START Record excerpts

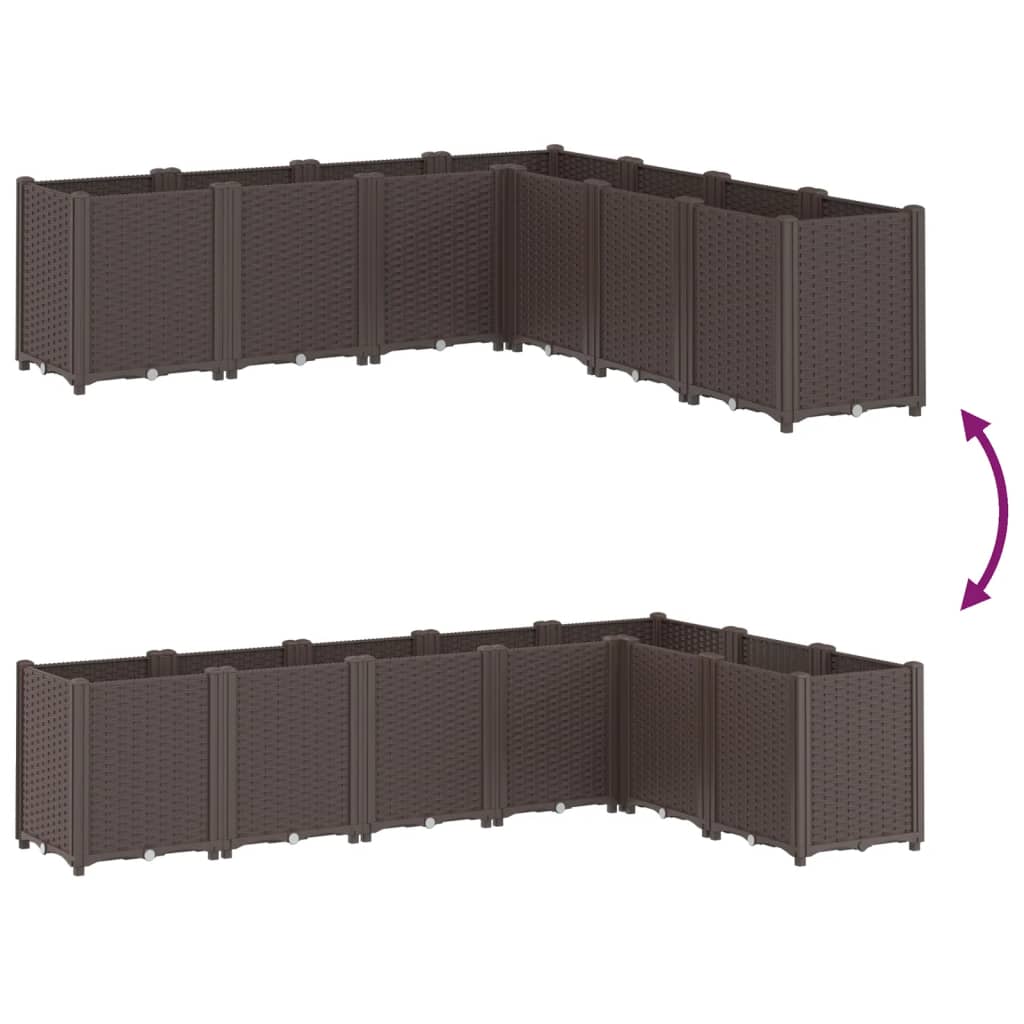Plantenbak 160x160x53 cm polypropeen bruin is nu te koop bij PeponiXL, paradijselijk wonen!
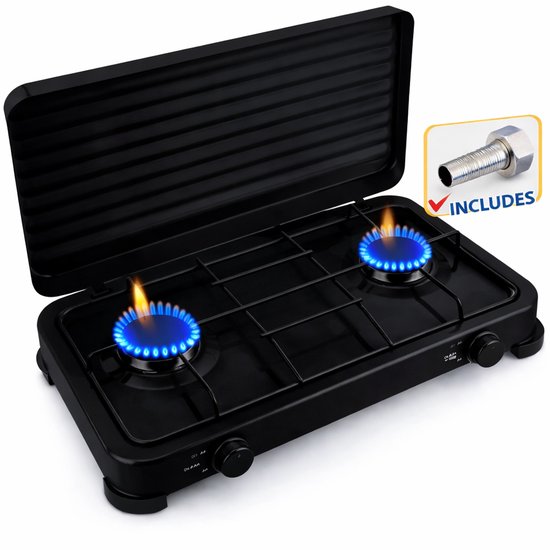 SMH LINE® Gas kooktoestel 2 pits XL - Camping kooktoestel - Gaskomfoor - Zwart van Merkloos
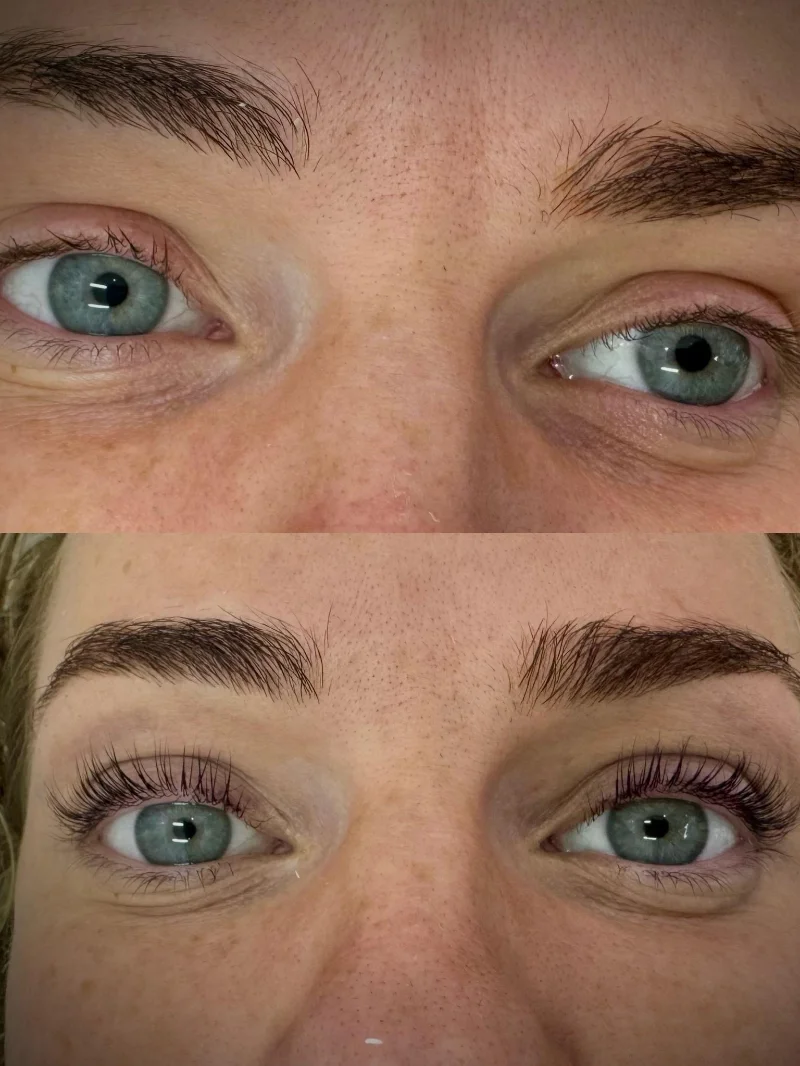 Lash and brow combo before and after, blue-green eyes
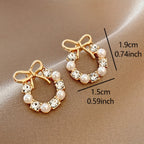 Minimalist Butterfly Knot Pearl Earrings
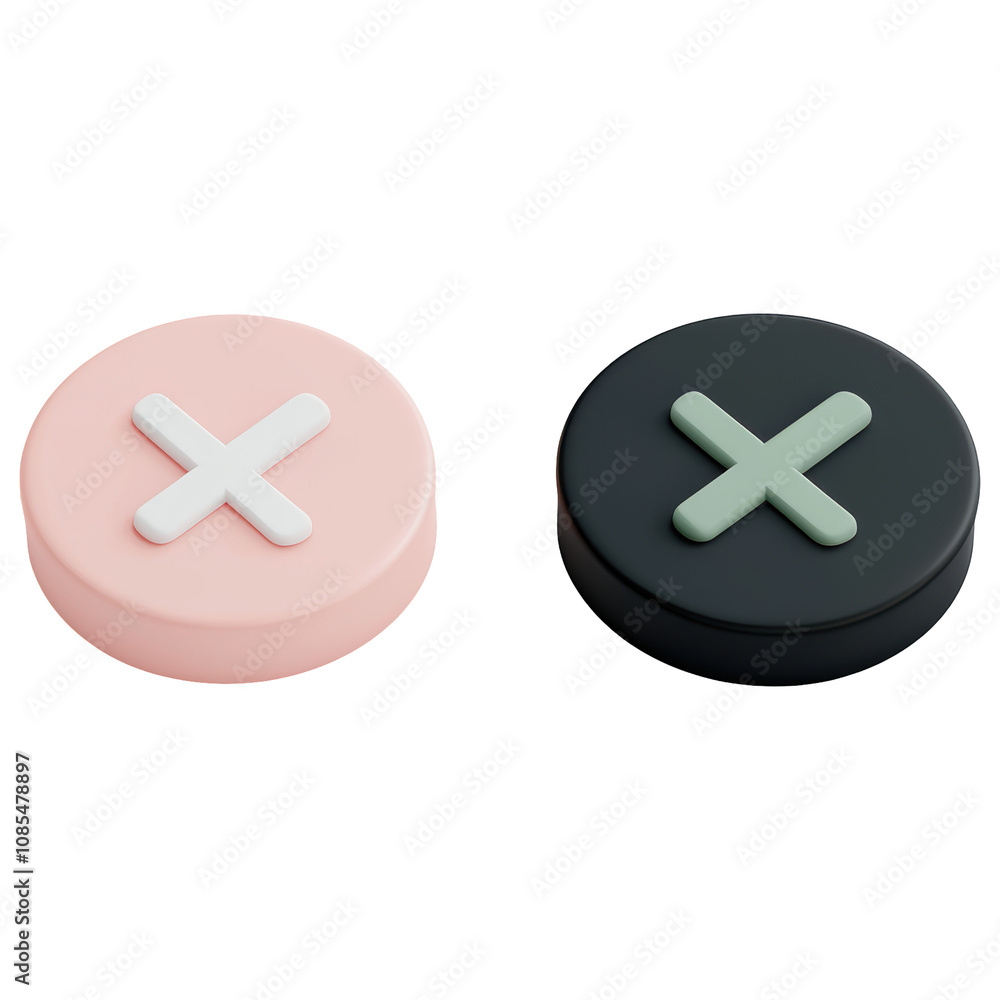 Poster 3d two round buttons with an x on them isolated on transparent or white background, png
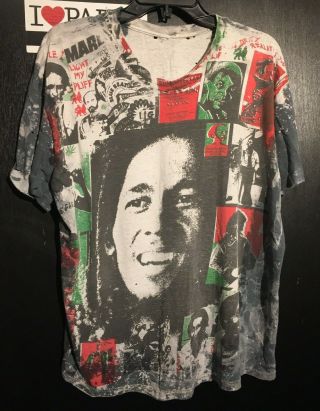 Vintage Preworn Bob Marley Mosquito Head T - Shirt Vtg Htf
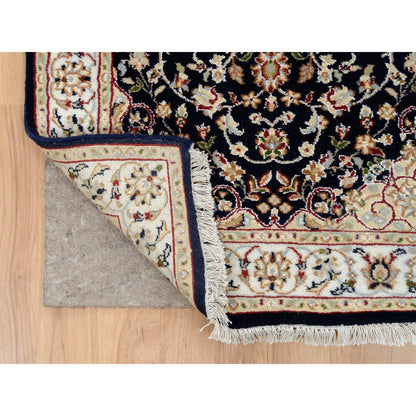 Fine Oriental Wool Hand Knotted Rug Blue Ivory 2.7X16.4 -O064738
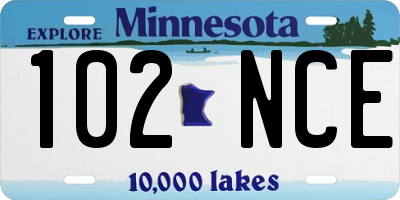 MN license plate 102NCE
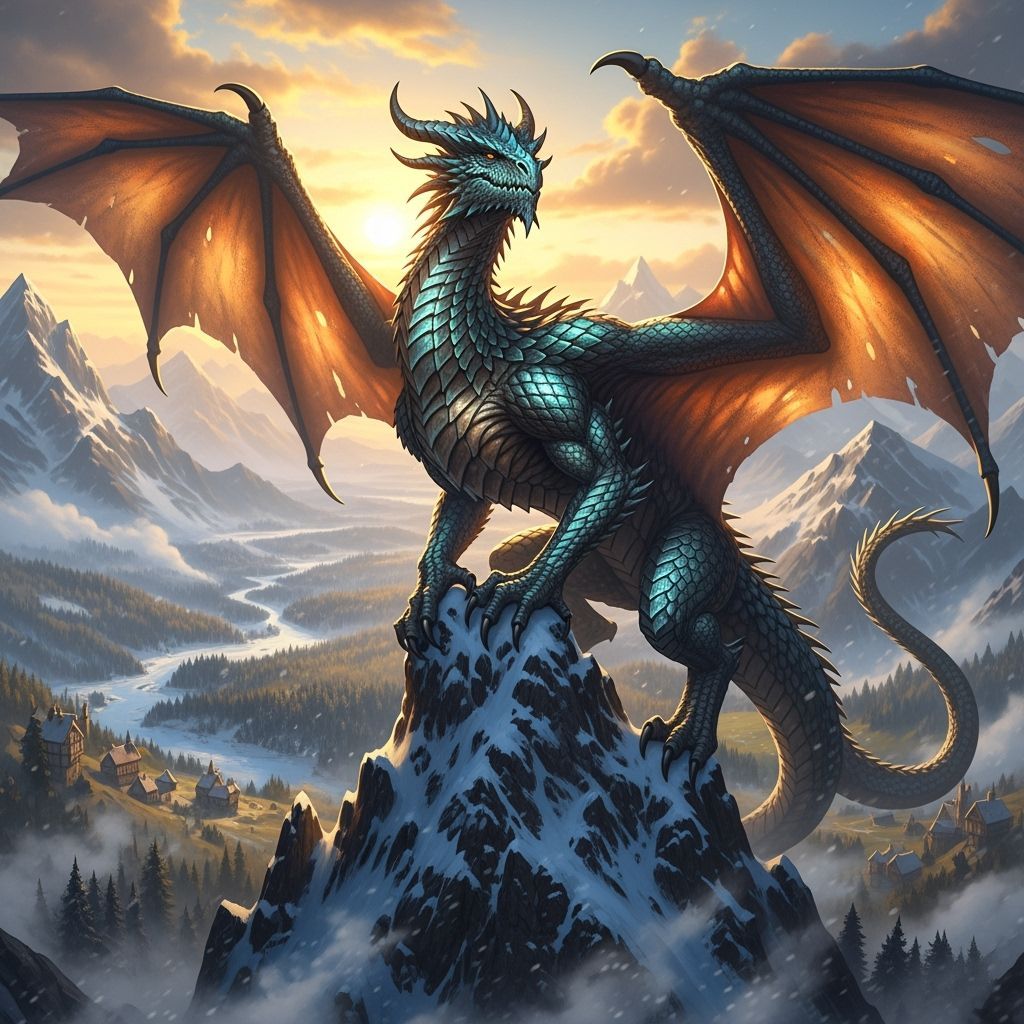 Iridescent Dragon Perched on Snowy Mountain Peak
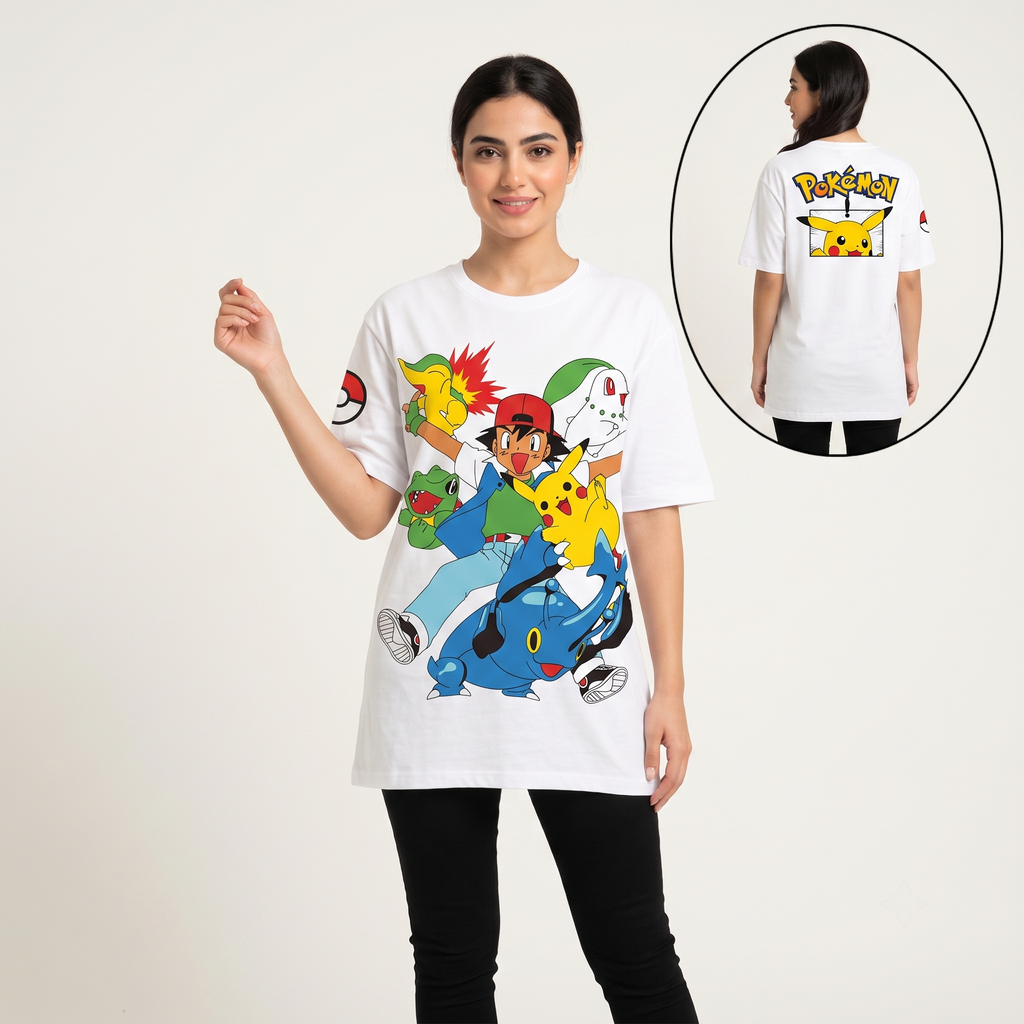 Pokemon White Long Polo Shirt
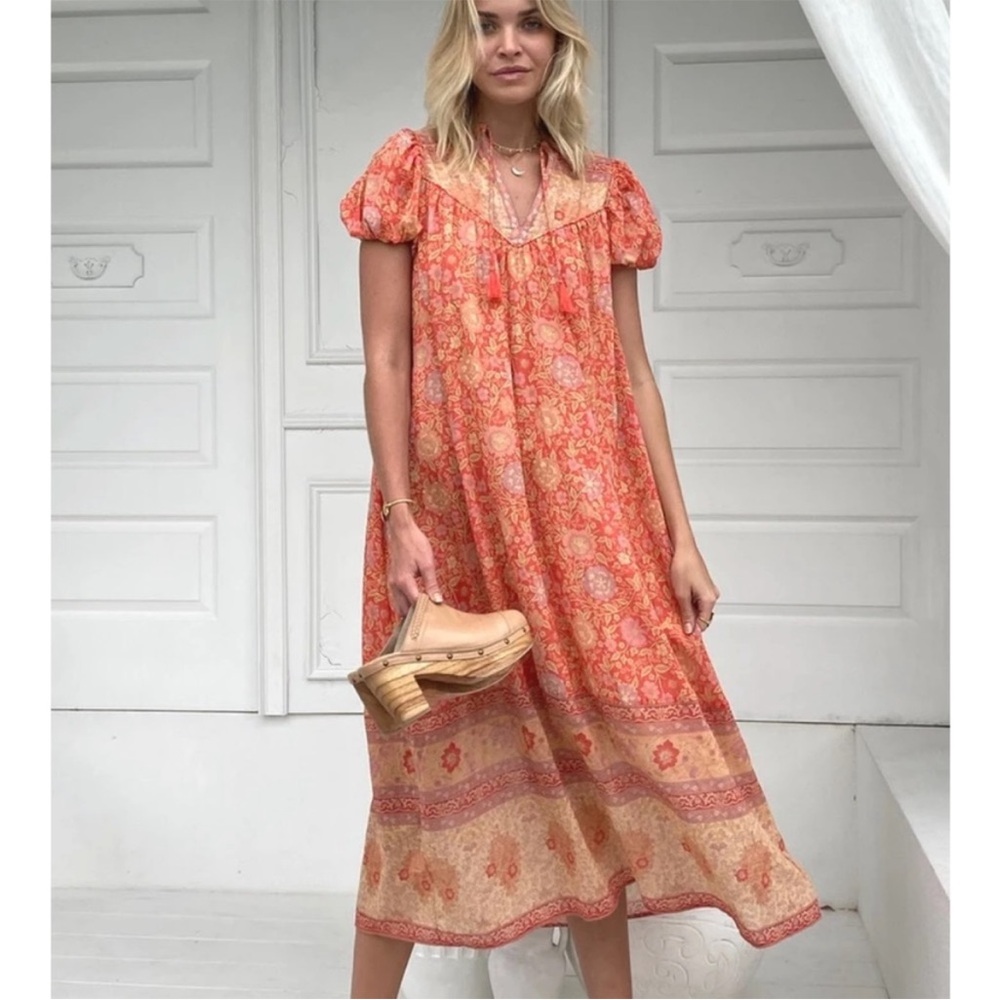 Spell & the Gypsy Love Story Short Sleeve Boho Dress Red Coral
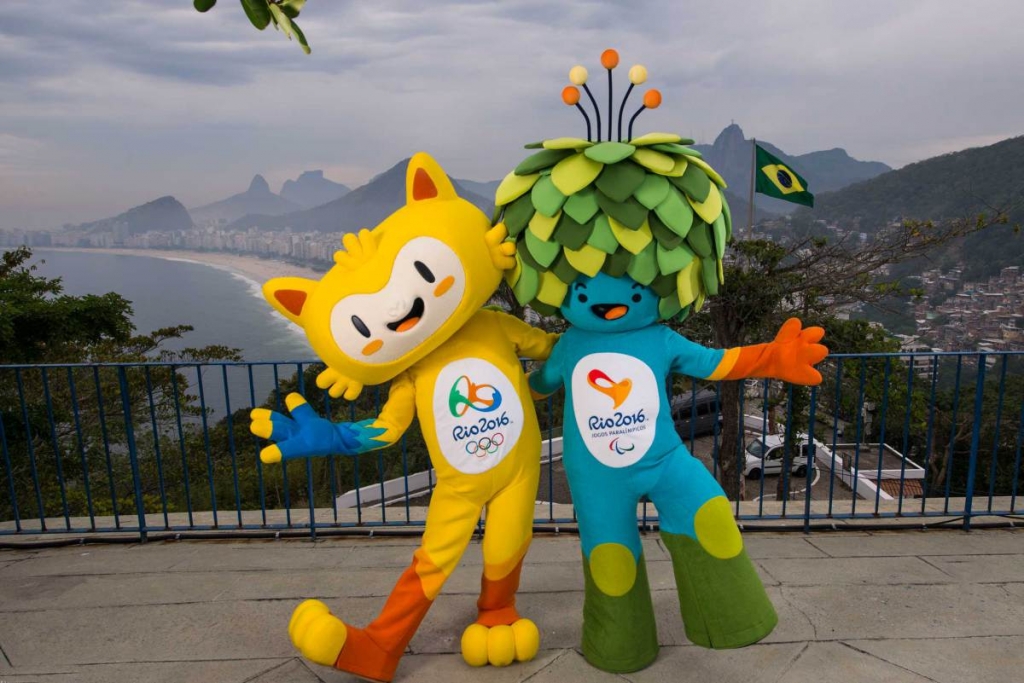 Handout shows the unnamed mascots of the Rio 2016 Olympic and Paralympic Games during their first appearance in Rio de Janeiro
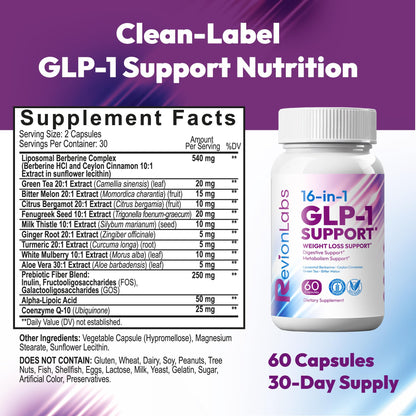 Revion LABS GLP-1 Support Weight Loss Supplement - Natural Appetite Suppressant for Women Men - Berberine Support Activate Hunger Control Curb Cravings Boost Metabolism Fat Burn & Gut Health Revion LABSBuy Supplements Australia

END Record excerpts

Although the records above contain pictures, the copy must not; set down exactly the lines from the one with "Minimalist Butterfly Knot Pearl Earrings" up to and including the one with "Spell & the".

■ **Written answer**
 Minimalist Butterfly Knot Pearl Earrings
 Poster 3d two round buttons with an x on them isolated on transparent or white background, png
 Vintage Preworn Bob Marley Mosquito Head T - Shirt Vtg Htf
 Fine Oriental Wool Hand Knotted Rug Blue Ivory 2.7X16.4 -O064738
 MN license plate 102NCE
 Iridescent Dragon Perched on Snowy Mountain Peak
 Pokemon White Long Polo Shirt
 Spell & the Gypsy Love Story Short Sleeve Boho Dress Red Coral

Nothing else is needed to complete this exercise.